Um caso como o de Enoque, que Deus decidiu “tomar para si” para viver na sua presença, era tido como exceção e como extraordinária exceção era celebrado. Para a esmagadora maioria, mesmo para a maioria dos justos, tudo que havia era a perspectiva de uma boa vida e uma boa morte. Depois, o nada, o túmulo: o Seol.
Dentro dessa visão de mundo, o homem era visto como pó da terra animado por um espírito – sendo que esse conceito de “espírito” não tinha qualquer relação com a idéia posterior de alma pessoal e imortal. Para os antigos hebreus, “espírito” era o sopro de vida inculcado temporariamente por Deus na matéria inanimada. Não trata-se de um espírito pessoal, nem tampouco de um espírito limitado ao homem. Todas as coisas vivas, mesmo os animais, eram tidas como animadas pelo mesmo espírito/sopro de vida.

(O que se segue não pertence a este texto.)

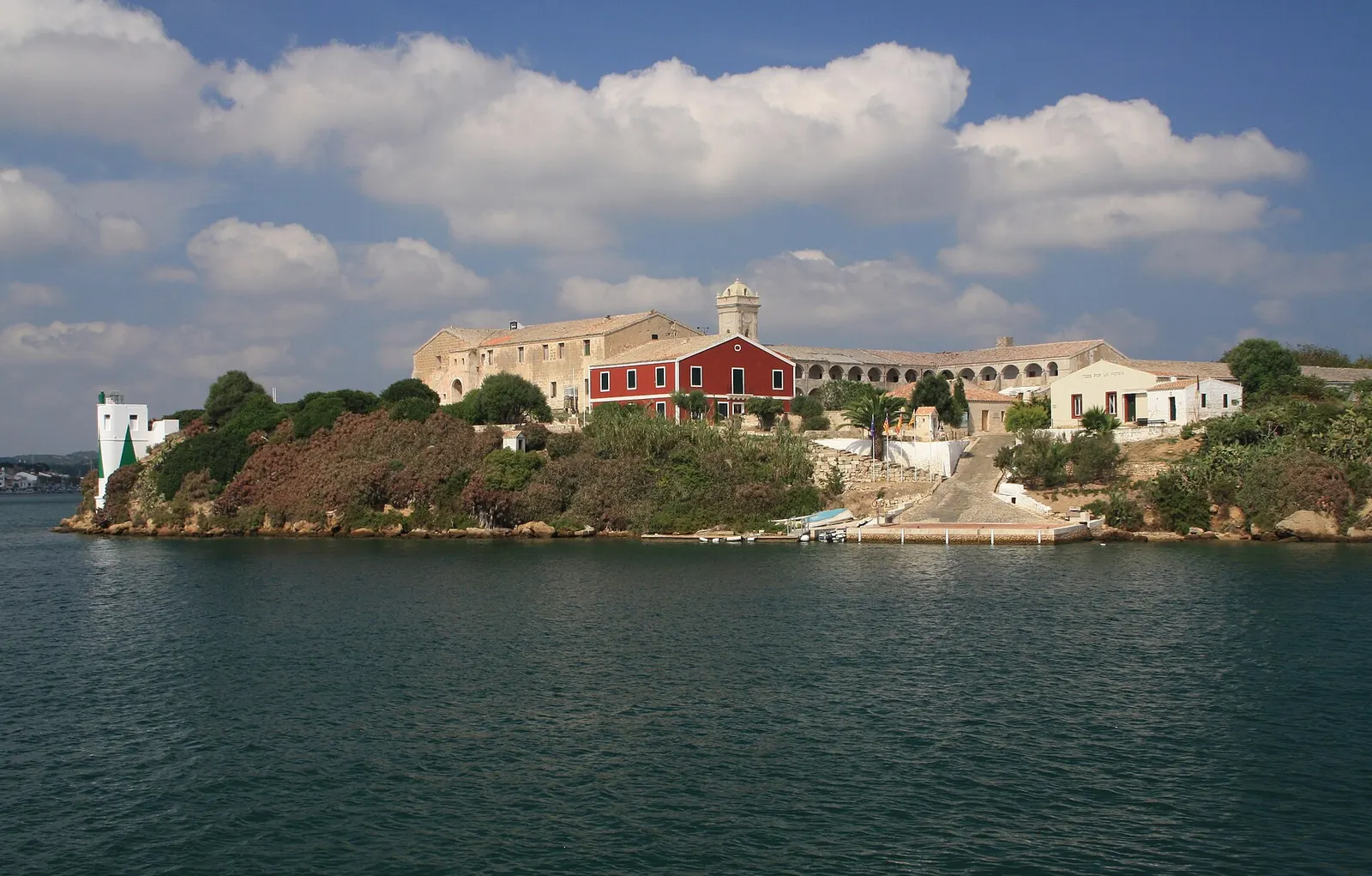 La Illa del Rei en el puerto de Maó, con el edificio rojo del antiguo hospital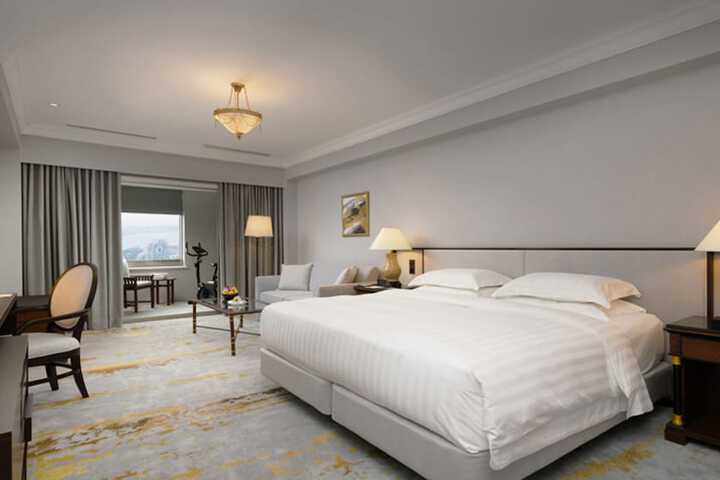 Room 8 of 98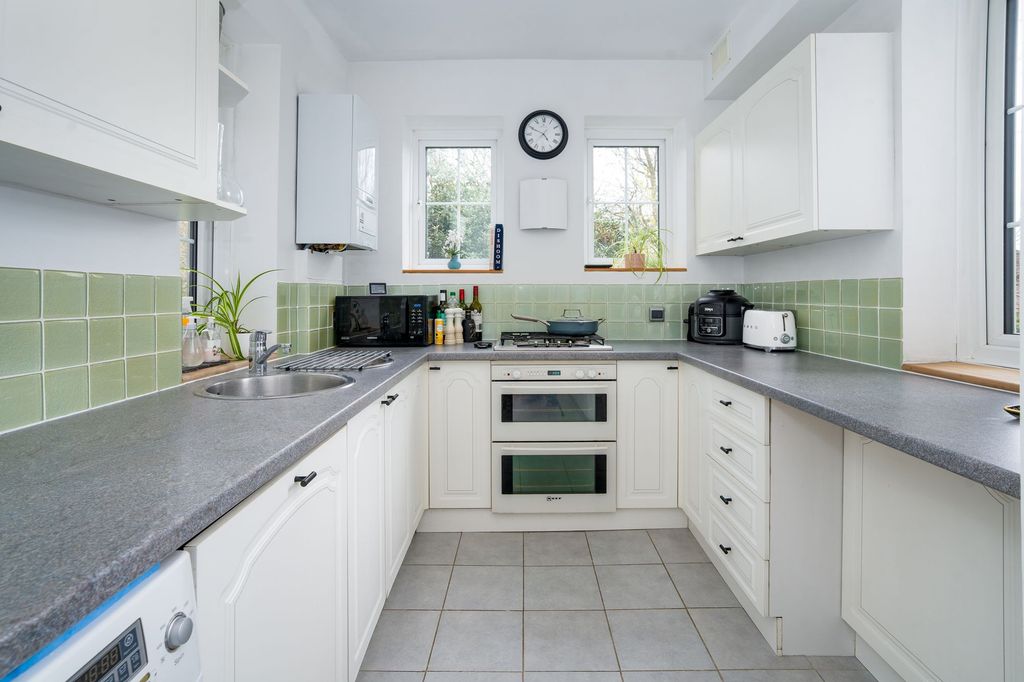 Property photo 2 of 20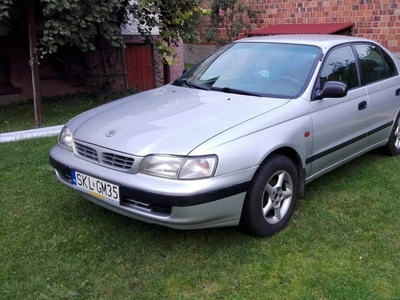 Toyota Carina 1.6 Benzyna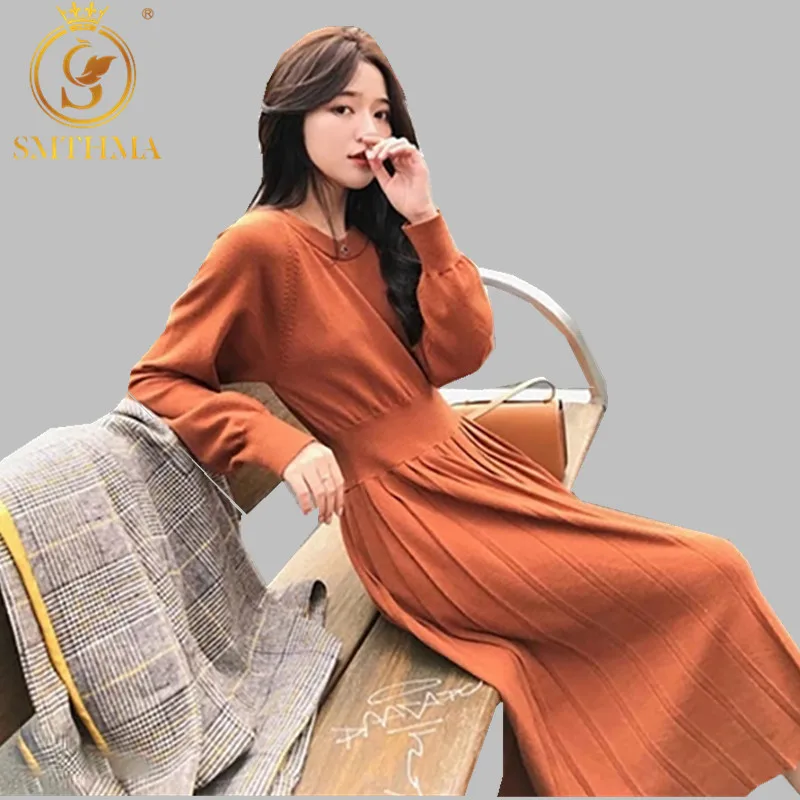 Элегантное платье свитер с длинными рукавами и круглым вырезом женское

O autor de Eclesiastes observa que “nenhum homem há que tenha domínio sobre o espírito/sopro da vida, para o reter (8:8)” e lamenta:: “Pois o que sucede aos filhos dos homens, isso mesmo também sucede aos animais; uma e a mesma coisa lhes sucede; como morre um, assim morre o outro; todos [homens e animais] têm o mesmo fôlego/espírito; e o homem não tem vantagem sobre os animais; porque tudo é vaidade. Todos vão para um lugar; todos são pó, e todos ao pó tornarão (3:19-20).” Mesmo um grande trecho Novo Testamento adentro, Tiago lembra que “o corpo sem espírito/sopro de vida é morto (2:26)”.
Quando a pessoa morria, então, não se cria que seu espírito continuasse a ter uma existência pessoal independente do corpo. O corpo voltava à terra (“do pó vieste, ao pó retornarás”) e o espírito/força vital voltava a Deus, que o havia concedido (Eclesiastes 12:7).
Os primeiros autores da Bíblia criam e escreviam sobre um mundo em que depois da morte não havia vida ou consciência, nem promessa de recompensa ou justiça futura. Era uma religião peculiar e limpa, em que o contraste essencial era mantido entre céu e terra, divindade e criação, e apenas Deus retinha e desfrutava do dom da imortalidade (Salmo 115:16-18). A meros homens cabia viver uma vida digna diante de Deus e morrer fazendo a coisa certa – porque na sepultura, repetiam constantemente a si mesmos, não teriam oportunidade de fazer uma coisa ou outra. Para os antigos hebreus, uma pessoa só podia ser espiritual enquanto vivia.
Essa perspectiva existencialista está perfeitamente resumida na declaração do salmista: “[Quando alguém morre] Sai-lhe o espírito, e ele volta para a terra; naquele mesmo dia perecem os seus pensamentos (Salmo 146:4)”.
Então, no último terço da Escritura hebraica, especialmente nos profetas tardios e na porção que os judeus chamam de Ketuvim/Literatura, algo aconteceu. O livro de Daniel, que foi escrito muito tempo depois dos dias que descreve (motivo pelo que os judeus não o contam entre os livros históricos), é o primeiro da Bíblia a mencionar diretamente a ressurreição:
“Naquele tempo se levantará Miguel, o grande príncipe, que se levanta a favor dos filhos do teu povo; e haverá um tempo de tribulação, qual nunca houve, desde que existiu nação até aquele tempo; mas naquele tempo livrar-se-á o teu povo, todo aquele que for achado escrito no livro. E muitos dos que dormem no pó da terra ressuscitarão, uns para a vida eterna, e outros para vergonha e desprezo eterno (12:1-2)”.
Assim, do nada.
Nos séculos formativos que antecederam Jesus e viram a confecção dos últimos livros da Escritura hebraica, os judeus haviam encontrado – num lugar que não eram as antigas escrituras ou a sua tradição – a idéia de ressurreição, de julgamento e de salvação/perdição eterna.